黒岩:竹本はタレント・モデル部門で、今回のオーディションもメインで担当しています。僕はライブ制作も含めたイベント部門になります。あとは、パスピエなどのアーティストをマネージメントしているミュージック&クリエイティブ部門と、セールスのコーディネーションをしたり、営業開発を行うスペシャルセールス部門になります。それぞれワーナーミュージックと連動して動いたり、WMAの中でも横の連携をとりながら、柔軟な体制で運営しています。

——事務所も、時代とともにその在り方は日々変化していっていますよね。

竹本:今は例えばYouTuberなどのように自分で稼げる人がでてきましたよね。これまで僕たちにはそういった方法でヒットを創るという発想はなかった。4月から一緒にやっていく「もりすけ」で知られている森 祐介という男の子がいて、Vineで自分を表現しているんですけども、やはりITリテラシーが非常に高い。WEB上で、自身をどう表現すればいいか、きちんと理解している。

 従来だと、タレントが我々の仕組みを使うことが多かったんですけど、現在は、我々もそういう人たちから専門的な知識やアイデアを学んで、それを会社全体で共有しています。なので事務所も、タレントと協力して、お互いで補い合って運営していくといったカタチになっていくでしょうね。

黒岩:表現者は何を求めていて、どうしてほしいのか。一方で、ユーザーが求めているものはなにか。その両方の架け橋にならなければと思います。ユーザーが求めるものも、ただ音楽を聴きたいだけじゃなかったり時代によってどんどん変化しますから、ユーザーの気持ちを斟酌しながらアーティストと一緒にクオリティの高いものを提供していければと思います。

——ファンクラブやマーチャンダイジングも展開していく予定でしょうか?

竹本:それらはタレントが稼働すれば必然的に付随してくるものですから、やっていきます。ファンクラブが機能すると、ダイレクトマーケティングを充実させられるので将来的にも強化していきたい部分ですね。ユーザーが望めば必然的にその比率も高まってくると思います。

 

ワールドワイド・シェアが前提 外資の強み活かし

——今回、新会社の設立にあたって竹本さんと黒岩さんが要職に抜擢されたことについて、ご自身ではどう思われていますか?

竹本:うーん、自分じゃなかなか答えにくいですけど(笑)敢えて言うなら、抜擢というよりも日々意見交換をするなかで、自然な流れで任されることになったという印象ですね。

黒岩:海外も含め今の経営陣には、普段の何気ない会話とかを日常的にリサーチをされていたような気はします。竹本は今の自分のセクションの構想を語っていたら取り上げてもらえたということだと思いますし、僕は僕で得意なことを普通に話していたら、それを活かす機会を作ってもらったのかなと。

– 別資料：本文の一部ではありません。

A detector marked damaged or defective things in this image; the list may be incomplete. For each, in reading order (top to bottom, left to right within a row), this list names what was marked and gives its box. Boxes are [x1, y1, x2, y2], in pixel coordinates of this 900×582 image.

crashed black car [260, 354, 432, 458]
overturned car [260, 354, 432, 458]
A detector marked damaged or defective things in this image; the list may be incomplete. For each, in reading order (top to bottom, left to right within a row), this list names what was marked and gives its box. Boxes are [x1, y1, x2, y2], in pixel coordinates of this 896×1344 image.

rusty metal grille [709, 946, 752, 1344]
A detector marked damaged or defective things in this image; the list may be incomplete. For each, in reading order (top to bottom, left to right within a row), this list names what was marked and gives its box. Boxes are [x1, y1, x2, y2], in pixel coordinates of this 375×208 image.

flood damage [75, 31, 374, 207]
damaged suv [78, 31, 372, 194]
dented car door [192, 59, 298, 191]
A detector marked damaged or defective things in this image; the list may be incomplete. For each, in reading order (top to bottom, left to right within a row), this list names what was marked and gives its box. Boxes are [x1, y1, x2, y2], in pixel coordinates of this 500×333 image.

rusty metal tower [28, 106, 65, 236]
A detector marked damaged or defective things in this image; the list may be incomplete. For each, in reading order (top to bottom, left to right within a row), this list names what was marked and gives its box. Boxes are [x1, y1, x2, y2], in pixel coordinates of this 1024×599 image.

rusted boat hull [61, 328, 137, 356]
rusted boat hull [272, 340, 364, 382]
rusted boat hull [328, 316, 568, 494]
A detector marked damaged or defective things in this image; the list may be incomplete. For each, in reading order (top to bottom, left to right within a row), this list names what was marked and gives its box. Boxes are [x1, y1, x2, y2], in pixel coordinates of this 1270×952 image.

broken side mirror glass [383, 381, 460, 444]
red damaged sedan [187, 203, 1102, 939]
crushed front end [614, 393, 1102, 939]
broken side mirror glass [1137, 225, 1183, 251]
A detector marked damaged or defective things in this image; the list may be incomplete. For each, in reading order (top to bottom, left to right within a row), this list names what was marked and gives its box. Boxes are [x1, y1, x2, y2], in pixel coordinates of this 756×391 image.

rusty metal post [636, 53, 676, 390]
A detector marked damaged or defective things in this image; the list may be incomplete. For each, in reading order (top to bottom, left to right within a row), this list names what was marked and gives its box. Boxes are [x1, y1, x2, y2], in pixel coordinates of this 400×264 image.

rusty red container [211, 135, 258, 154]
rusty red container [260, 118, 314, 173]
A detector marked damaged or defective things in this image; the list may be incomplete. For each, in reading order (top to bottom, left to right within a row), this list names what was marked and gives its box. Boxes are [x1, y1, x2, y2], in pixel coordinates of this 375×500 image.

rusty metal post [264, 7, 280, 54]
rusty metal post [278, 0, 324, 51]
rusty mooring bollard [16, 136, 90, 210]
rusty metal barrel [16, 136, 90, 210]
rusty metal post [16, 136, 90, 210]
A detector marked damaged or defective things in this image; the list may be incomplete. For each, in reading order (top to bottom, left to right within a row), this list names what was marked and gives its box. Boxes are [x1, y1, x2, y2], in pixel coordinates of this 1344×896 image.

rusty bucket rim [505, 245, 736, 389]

ワーナーミュージック・ジャパン、GOMA STUDIO「WANNA GOMA RECORDS」記者会見
▲ワーナーミュージックはアニメ音楽を手がける新レーベル「WANNA GOMA RECORDS」も立ち上げた

——海外に本体があるワーナーミュージックということで、日本以外での展開も視野にありますか?海外のネットワークも御社の強みですよね。

竹本:グローバルネットワークが既にあるというのは、やはりすごいアドバンテージだと思います。数回のプレゼンテーションで各国のワーナーミュージックのヘッドとプランを共有することができるので、スピード感のある展開を目指します。

黒岩:僕的には、「アニメ」が一つのテーマとなっていまして、それこそ声優志望の応募も沢山きていますし、WMAならではの展開の可能性を感じています。アニメは日本文化を輸出する上でクールジャパンの象徴なので、アニメのプロダクツと積極的に絡めていくことで、おのずとワールドワイドなシェアに持っていくことができると思います。なので海外に対しては、まずそういった方法の「癖」を付けるというか、ワールドワイドなシェアありきのコンセプトからスタートしていきたいと思っています。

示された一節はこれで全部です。